3. Multi-tenant AI Platforms
For platforms providing AI services to multiple companies or organizations, precise usage tracking per tenant is crucial. The V2 API’s high rate limits ensure you can scale your service while maintaining accurate usage-based billing.
Troubleshooting and Important Considerations
Authentication Token Expiration
The Meter EventStream API’s authentication tokens have a 15-minute validity period. Without proper handling of token expiration, you may encounter “authentication errors.” Consider implementing logic to refresh tokens slightly before they expire (e.g., when 5 minutes remain).
Error Handling
In high-traffic environments, temporary network errors may occur. It’s recommended to implement retry logic:
async function sendMeterEvent(stripe, eventData, retries = 3) {
try {
return await stripe.v2.billing.meterEventStream.create(eventData);
} catch (error) {
if (retries > 0 && error.type === 'api_connection_error') {
// Wait a bit and retry on connection errors
await new Promise(resolve => setTimeout(resolve, 500));
return sendMeterEvent(stripe, eventData, retries - 1);
}
console.error('Failed to send meter event after retries:', error);
// Additional error handling like sending to error logging service
throw error;
}
}
Batch Processing Optimization
When sending multiple events, batch processing is more efficient than sending individual events:
await stripe.v2.billing.meterEventStream.create({
events: [
{
event_name: config.billing.meters.input,
payload: { ... }
},
{
event_name: config.billing.meters.output,
payload: { ... }
}
// Up to 100 events can be sent at once
]
});
Conclusion and Advanced Applications
I’ve covered implementing AI usage tracking with Stripe’s V2 API, which enables sending usage data at 10x the throughput of the previous API, making it possible to operate large-scale AI services.
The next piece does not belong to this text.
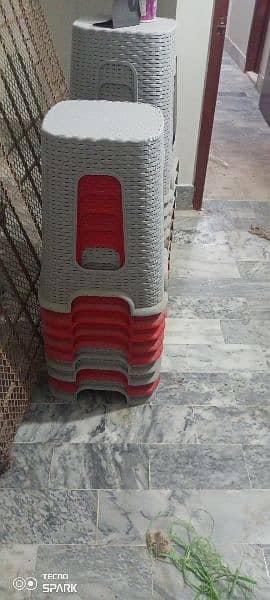 plastic stool 1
Building on what we’ve discussed, here are some potential next steps:
- Analytics Integration: Connect Stripe usage data with data warehouses like BigQuery or Redshift for detailed usage analysis
- Real-time Dashboards: Build admin dashboards to visualize AI usage in real-time
- Prepaid Model Implementation: Combine with a prepaid token model, deducting from token balance as usage occurs
- Multi-model Management: Create integrated systems to manage multiple AI providers (OpenAI, Anthropic, Google, etc.) and track usage and costs across models
By leveraging Stripe V2 API’s high throughput, you can manage billing for larger and more complex AI systems. This implementation is particularly valuable for services with high concurrent connections or business models requiring precise, token-level billing.
Finally, since Stripe’s V2 API is relatively new, it may continue to evolve. I recommend regularly checking Stripe’s documentation to incorporate the latest features and improvements.